--- THE DATA ---
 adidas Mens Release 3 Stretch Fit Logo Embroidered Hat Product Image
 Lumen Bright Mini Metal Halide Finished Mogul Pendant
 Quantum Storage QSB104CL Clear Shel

--

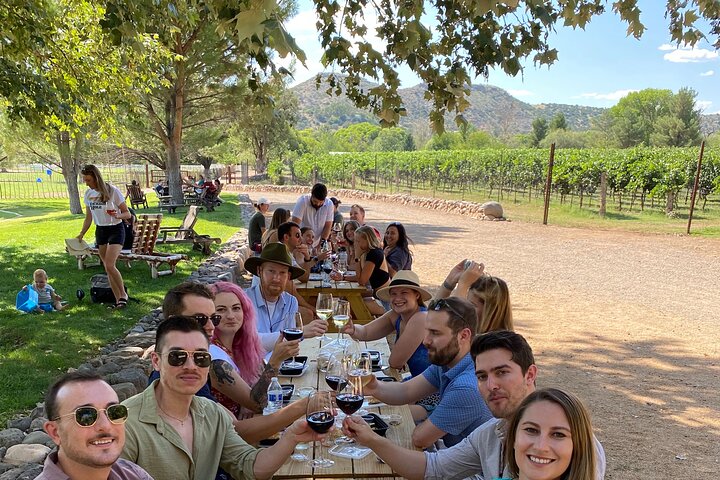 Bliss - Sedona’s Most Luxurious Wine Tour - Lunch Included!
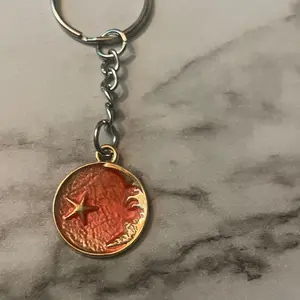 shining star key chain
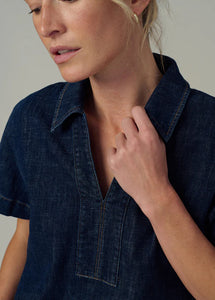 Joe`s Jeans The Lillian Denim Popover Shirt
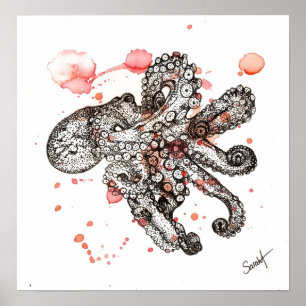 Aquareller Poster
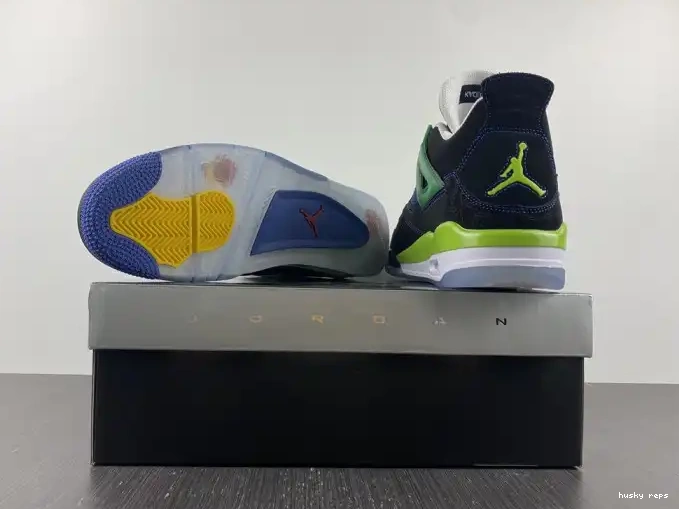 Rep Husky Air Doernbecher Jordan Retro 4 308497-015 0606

* * *

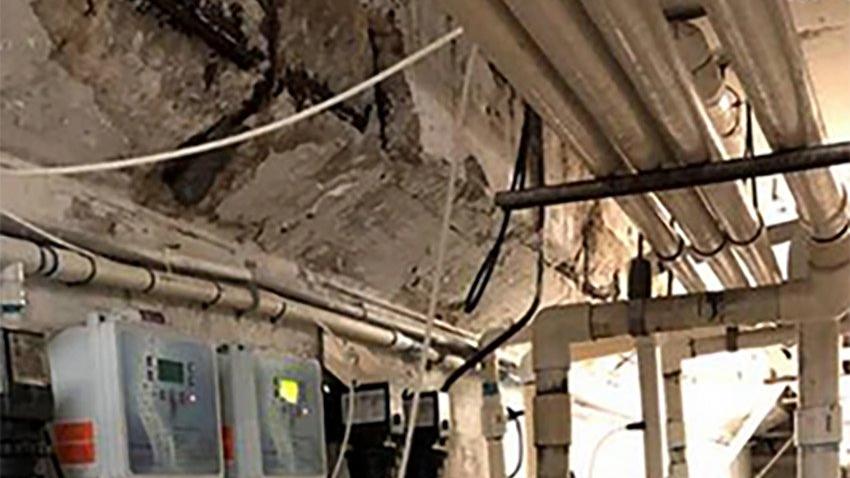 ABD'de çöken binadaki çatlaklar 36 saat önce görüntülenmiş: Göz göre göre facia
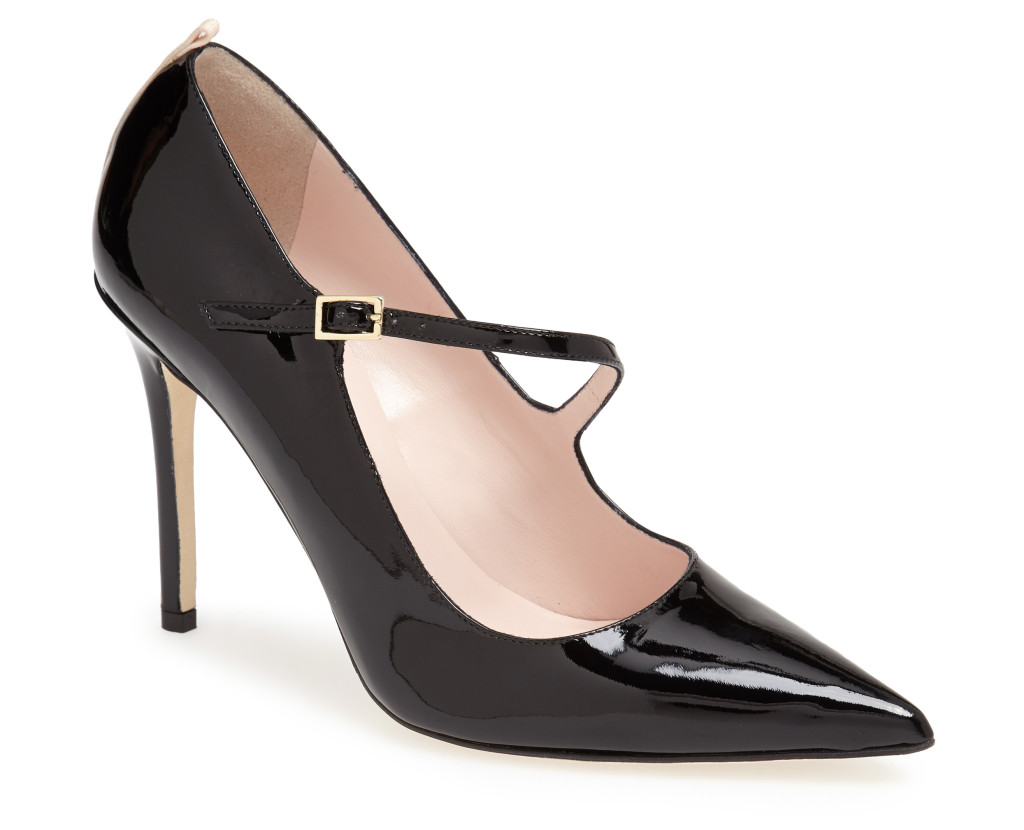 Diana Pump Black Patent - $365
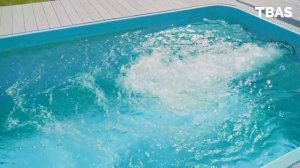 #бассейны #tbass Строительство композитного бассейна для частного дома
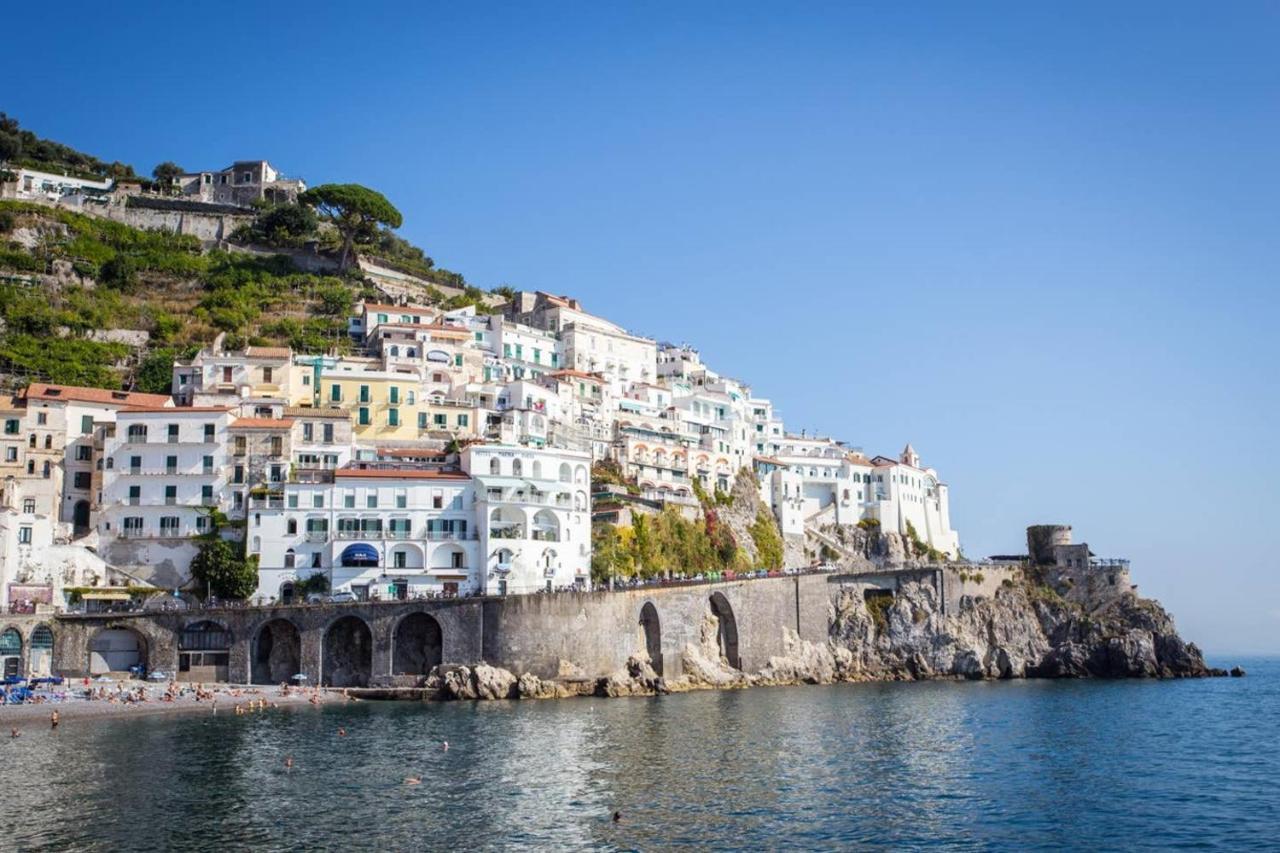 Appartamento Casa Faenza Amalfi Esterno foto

--- WHAT IS REQUIRED ---
Above are records with pictures. Reproduce exactly only the lines from the line with "Aquareller Poster" through the line with "Rep Husky Air", both ends included, and leave the pictures out.

--- RESULT OF THIS EXERCISE ---
 Aquareller Poster
 Rep Husky Air Doernbecher Jordan Retro 4 308497-015 0606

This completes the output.